Selon le ministère nigérien de l’Intérieur, « une enquête et des opérations de ratissage, en collaboration avec nos partenaires (NDLR : français) sont en cours en vue de dénicher les auteurs de ces actes ignobles et de renforcer la sécurité dans la zone ».

L’armée nigérienne a quadrillé la zone du crime, une vaste région boisée, survolée par des avions de chasse français. La zone de Kouré abrite les derniers troupeaux de girafes d’Afrique de l’ouest.

Des agents de la police scientifique procèdent à des prélèvements, à côté des pompiers qui s’apprêtent à enlever les corps tandis que la nuit tombe sur la localité, selon le correspondant de l’AFP sur place.

« L’attaque a eu lieu vers 11h30 à 6 km à l’est de la localité de Kouré » qui se trouve à une heure en voiture de Niamey sur la route nationale numéro 1, a expliqué à l’AFP une source proche des services de l’environnement.

Victimes « abattues par balle »

« La plupart des victimes ont été abattues par balle et une femme qui a réussi à s’enfuir a été rattrapée et égorgée. Sur place, on a trouvé un chargeur vidé de ses cartouches », a relevé cette source. « On ne connaît pas l’identité des assaillants mais ils sont venus à moto à travers la brousse et ont attendu l’arrivée des touristes. Le véhicule emprunté par les touristes appartient à l’ONG Acted ».

Cette source a décrit à l’AFP les corps gisant, côte à côte, près d’un véhicule 4X4 à moitié incendié et aux portières ouvertes. Des traces de balles étaient visibles sur la vitre arrière du véhicule. L’un des corps était carbonisé. D’autres présentaient des blessures mortelles à la tête.

« Nous sommes en train de gérer la situation, on donnera plus d’informations après », a déclaré le gouverneur local, qui n’a pas fourni de détails sur les circonstances du drame, ni sur l’identité des assaillants.
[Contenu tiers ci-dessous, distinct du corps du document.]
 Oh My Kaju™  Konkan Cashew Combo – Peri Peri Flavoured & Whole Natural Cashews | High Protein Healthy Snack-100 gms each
Il s’agit de la première attaque ayant visé des Occidentaux dans cette zone depuis qu’elle est devenue une attraction touristique il y a une vingtaine d’années, quand un petit troupeau de girafes peralta, une espèce qui a disparu du reste de la planète, fuyant braconniers et prédateurs, y avait trouvé un havre de paix.

Une zone considérée sans risque

« Kouré est à 60 km de Niamey, une heure de route. On va tous a Kouré en sortie le week-end parce que c’est très facile d’accès (…) Tout le monde y va, même les ambassadeurs, les diplomates, les professeurs, tout le monde ! Ce n’est pas du tout considéré comme dangereux comme zone. Il y a des ONG de protection des girafes qui travaillent là-bas », a expliqué à l’AFP un humanitaire occidental à Niamey.

La région de Tillabéri est une vaste zone instable. Elle est située dans la zone de « trois frontières » entre Niger, Burkina Faso et Mali, devenue un repaire des jihadistes sahéliens, dont l’Etat islamique au Grand Sahara (EIGS).

La circulation des motos est interdite de jour et de nuit depuis janvier pour tenter d’empêcher les déplacements de jihadistes.